*** Opening RECORDED DATA ***

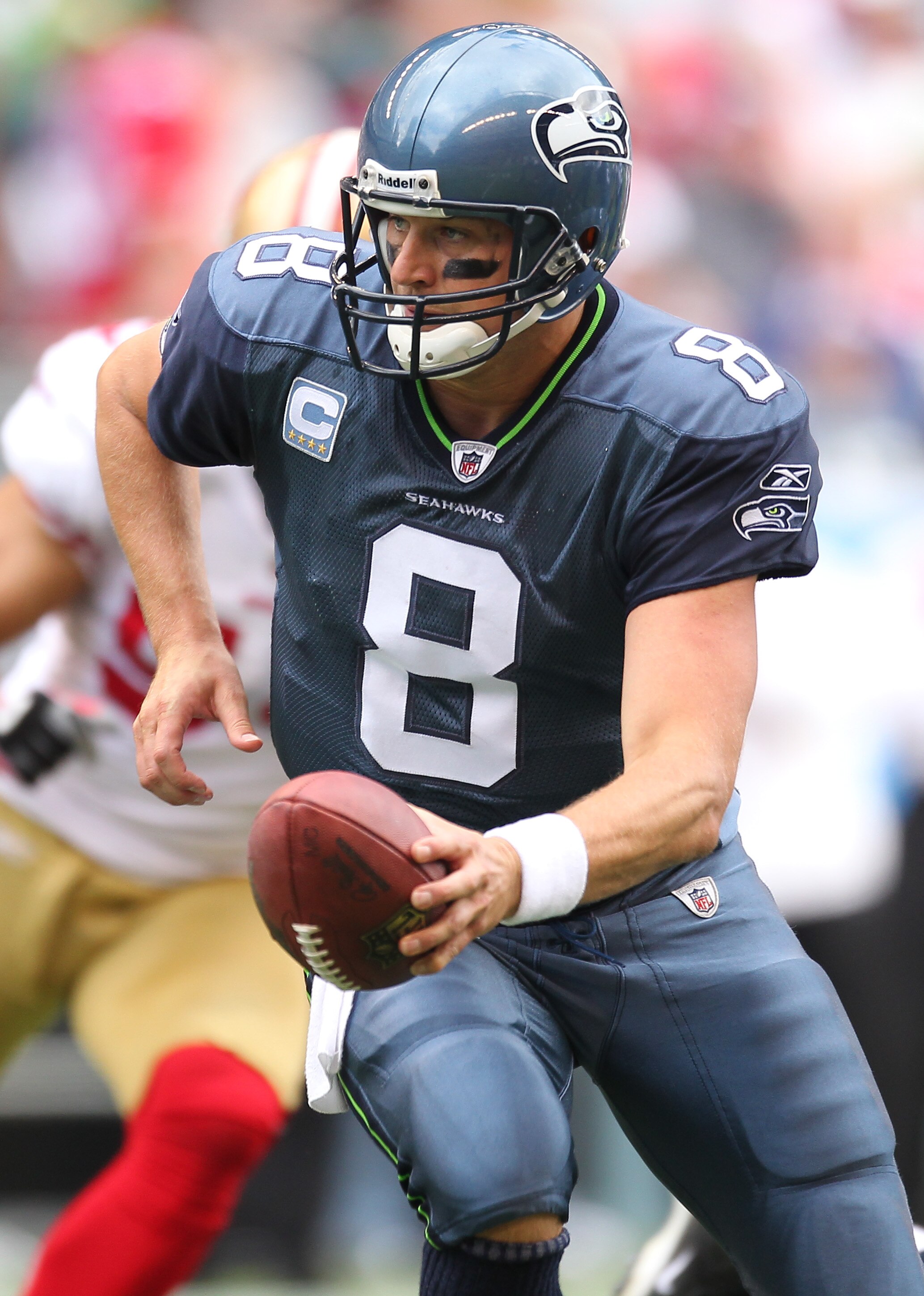 SEATTLE - SEPTEMBER 12:  Quarterback Matt Hasselbeck #8 of the Seattle Seahawks looks to hand off during the NFL season opener against the San Francisco 49ers at Qwest Field on September 12, 2010 in Seattle, Washington. (Photo by Otto Greule Jr/Getty Imag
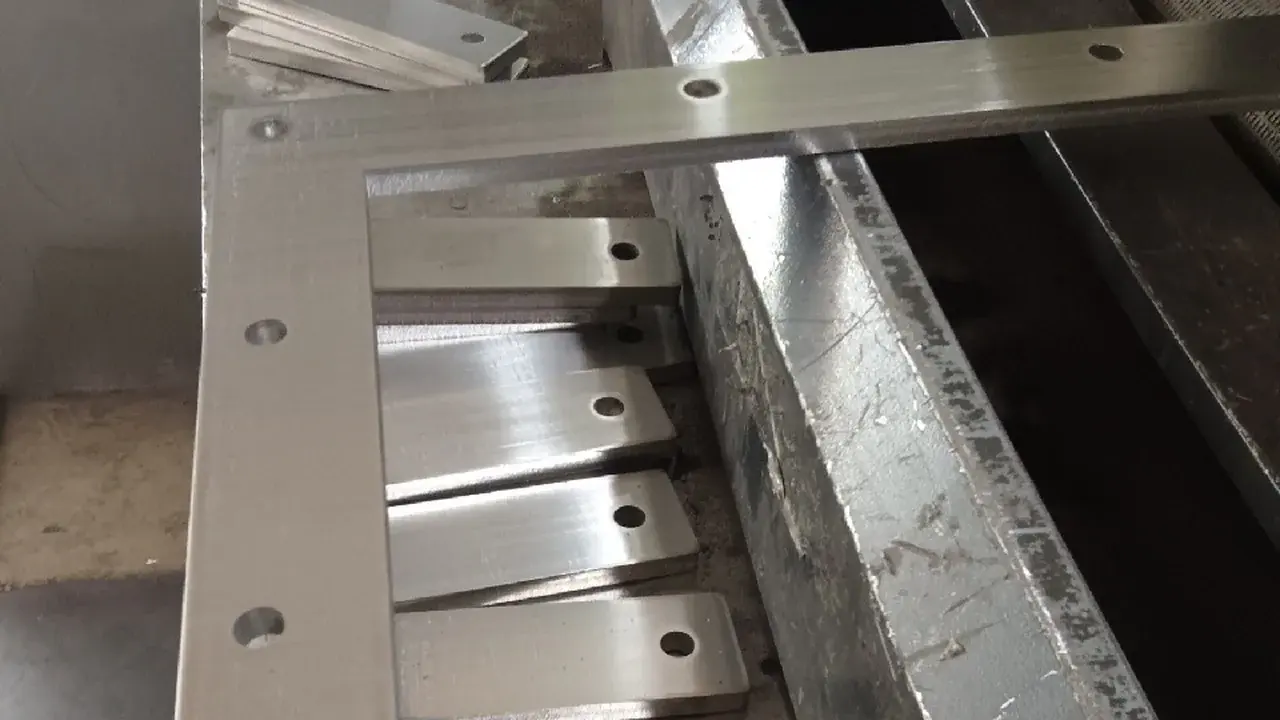 Machined stainless steel assembly with visible finished surfaces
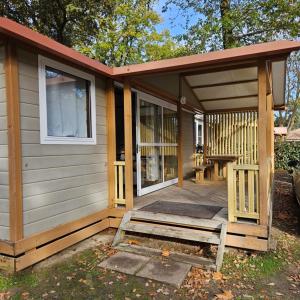 a small house with a porch and a bench on it at Chalet KABANA in Saint-Hilaire-de-Riez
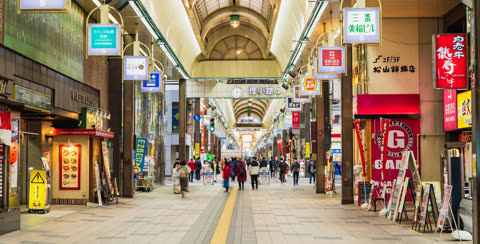 People walking through a covered shopping arcade.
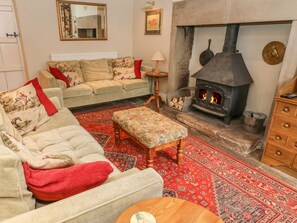 A cozy living room with a sofa, ottoman, and a fireplace.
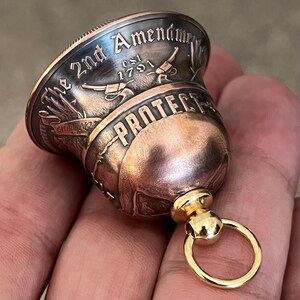 May include: A copper bell with a gold ring. The bell is engraved with the words "The 2nd Amendment Est 1791" and "Protect".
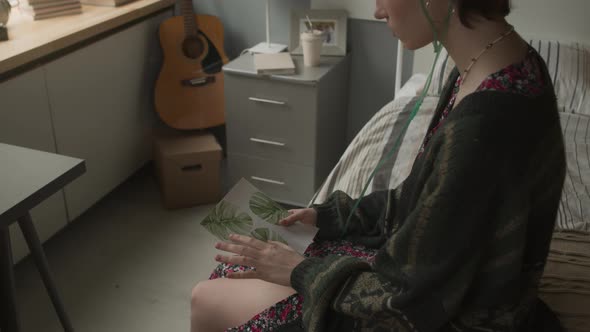 Girl Looking at Drawing in Hospital Ward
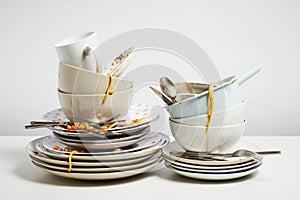 Dirty dishes pile needing washing up on white background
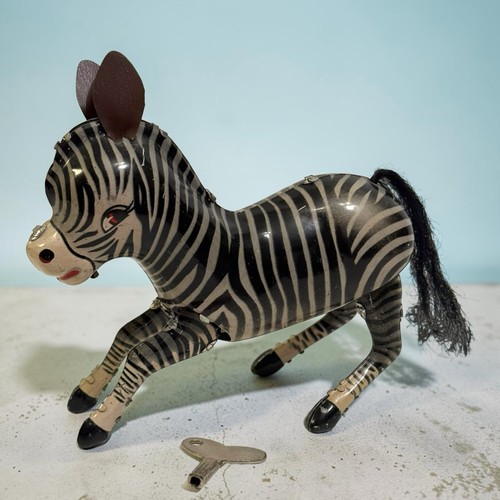 Vintage jumping zebra tin - jumping,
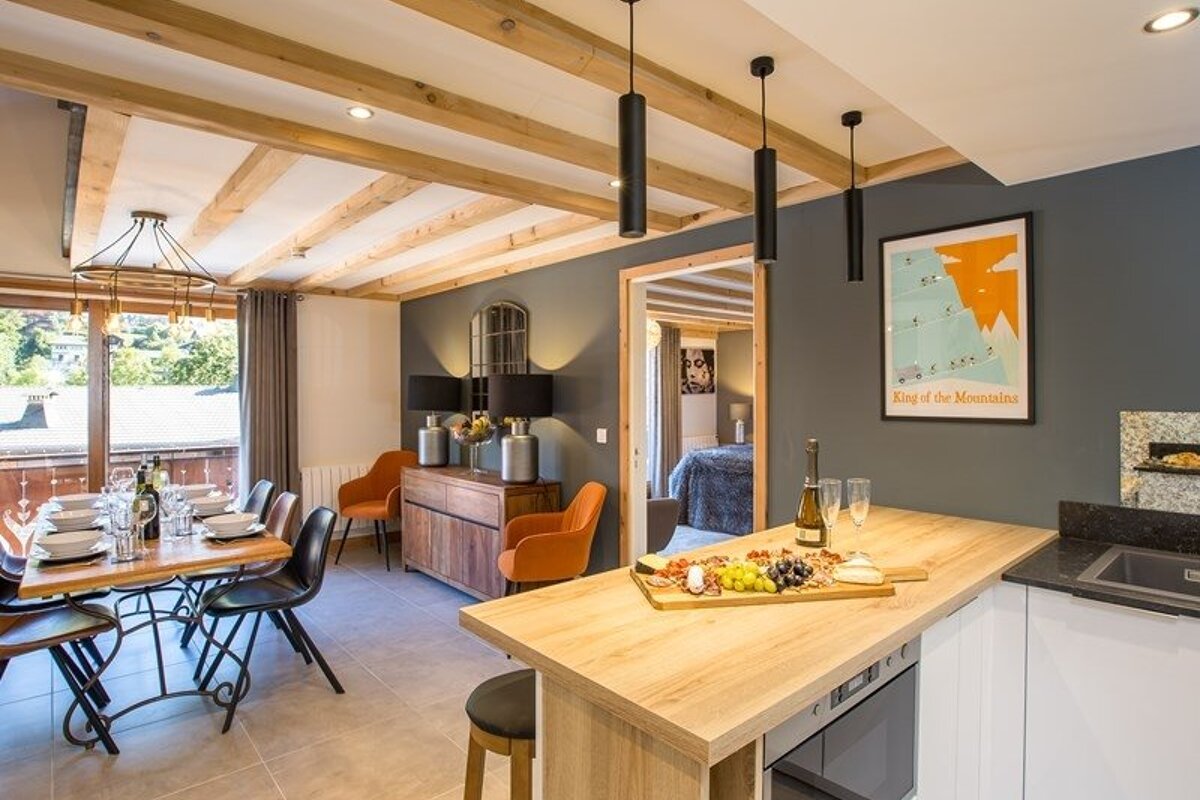 Modern open-plan kitchen and dining area with wooden ceiling beams, a set dining table, and a charcuterie board on the island counter.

*** Closing RECORDED DATA ***

### EXERCISE DESCRIPTION
Only one thing is required: an exact printout of the lines from the line containing "People walking through" through the last line of the records, pictures excluded.

### OUTPUT OF THE TASK
 People walking through a covered shopping arcade.
 A cozy living room with a sofa, ottoman, and a fireplace.
 May include: A copper bell with a gold ring. The bell is engraved with the words "The 2nd Amendment Est 1791" and "Protect".
 Girl Looking at Drawing in Hospital Ward
 Dirty dishes pile needing washing up on white background
 Vintage jumping zebra tin - jumping,
 Modern open-plan kitchen and dining area with wooden ceiling beams, a set dining table, and a charcuterie board on the island counter.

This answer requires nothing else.